Japanese-American activist

Kazu Iijima (1918 - August 26, 2007) was a Japanese American activist and community organizer who was a co-founder of Asian Americans for Action and the United Asian Communities Center.

Born Kazuko Ikeda in California, she grew up in Oakland, and attended college at UC Berkeley. She encountered Marxist critiques of racism through her older sister and the Young Communist League at Berkeley, and became involved in radical politics. By 1938, Ikeda helped to form the Oakland Nisei Democratic Club to encourage more Niseis to take up radical responses to working class issues and racism.
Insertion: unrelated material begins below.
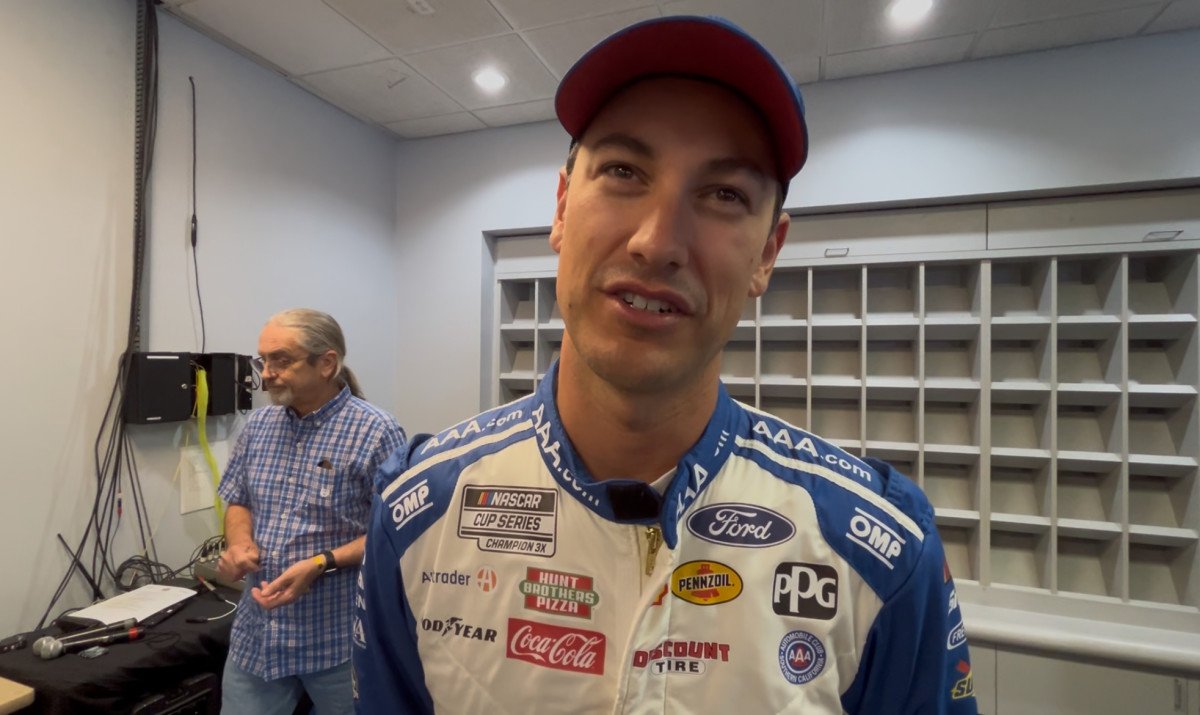 Joey Logano Sends Blunt Message After NASCAR All-Star Caution Costs Him the Win Joey Logano Sends Blunt Message After NASCAR All-Star Caution Costs Him the Win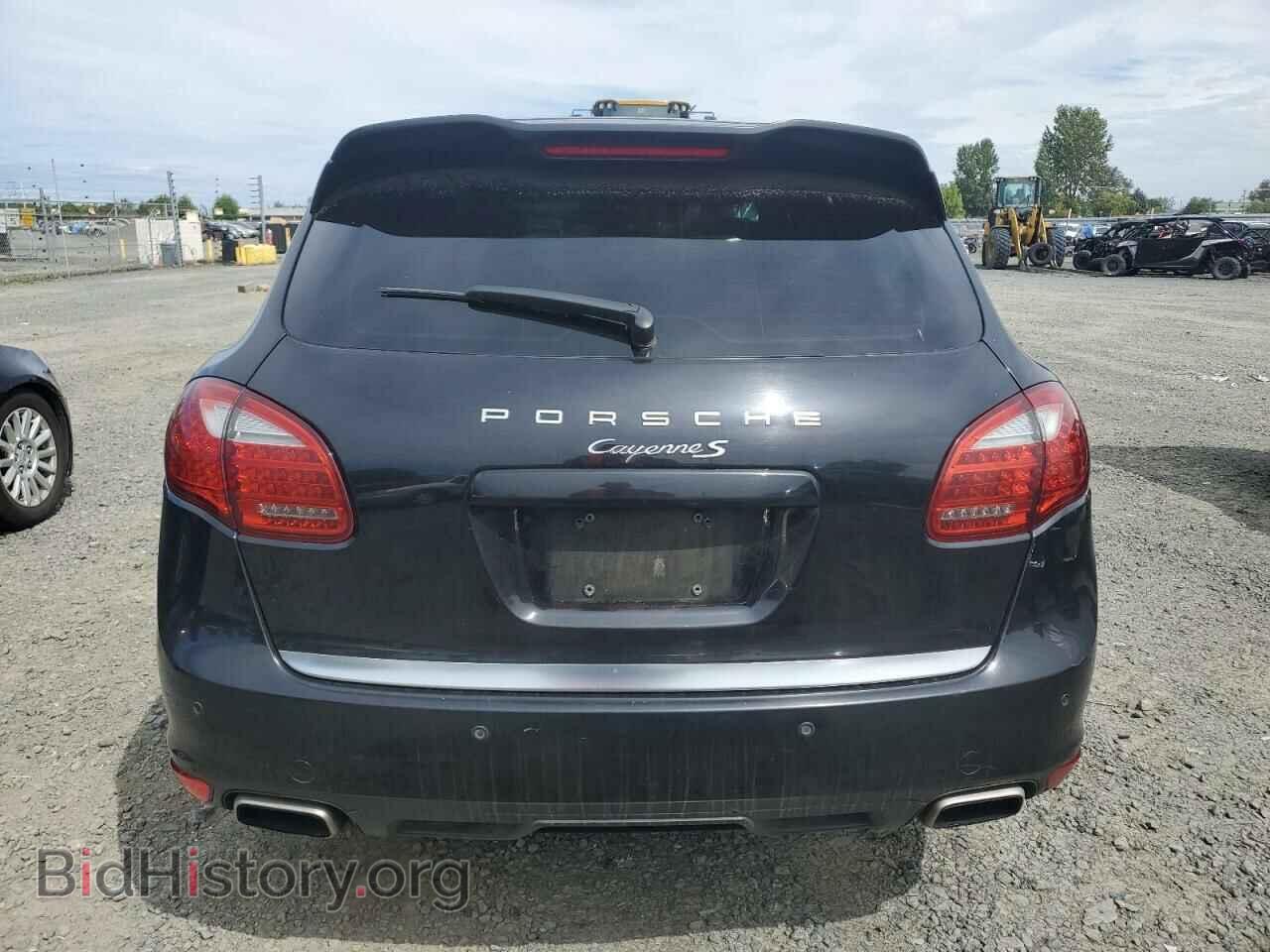 2012 PORSCHE CAYENNE - VIN: WP1AA2A23CLA04865 - Фото 6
Ikeda was still living and working in the Bay Area when Japanese Americans on the west coast were subjected to incarceration under Executive Order 9066. She was first at Tanforan Assembly Center, and then Topaz concentration camp in Utah. She married Tak Iijima in Utah (he had been drafted into the US Army just before Pearl Harbor), and was released to move to Mississippi with him soon after.

After the war, the couple settled in New York City, and began to raise a family. Although Iijima joined the Japanese American Committee for Democracy at that time, it wasn't until the late 1960s that she returned to organizing with the founding of Asian Americans for Action. Along with other Japanese American radicals like Yuri Kochiyama and Shizu "Minn" Matsuda, Iijima built the AAA as a platform for opposing the Vietnam War and for nurturing grassroots Asian American solidarity. The organization was notable as the first group to define itself as pan-Asian, multigenerational, and politically progressive. One of the first actions they took after forming in 1969 was to challenge the Japanese American Citizens League to take a stand against the Vietnam War. The group continued to evolve, changing its name in 1976 to Union of Activists to emphasize political struggle rather than identity, and finally breaking up in 1980 over irreconcilable internal differences.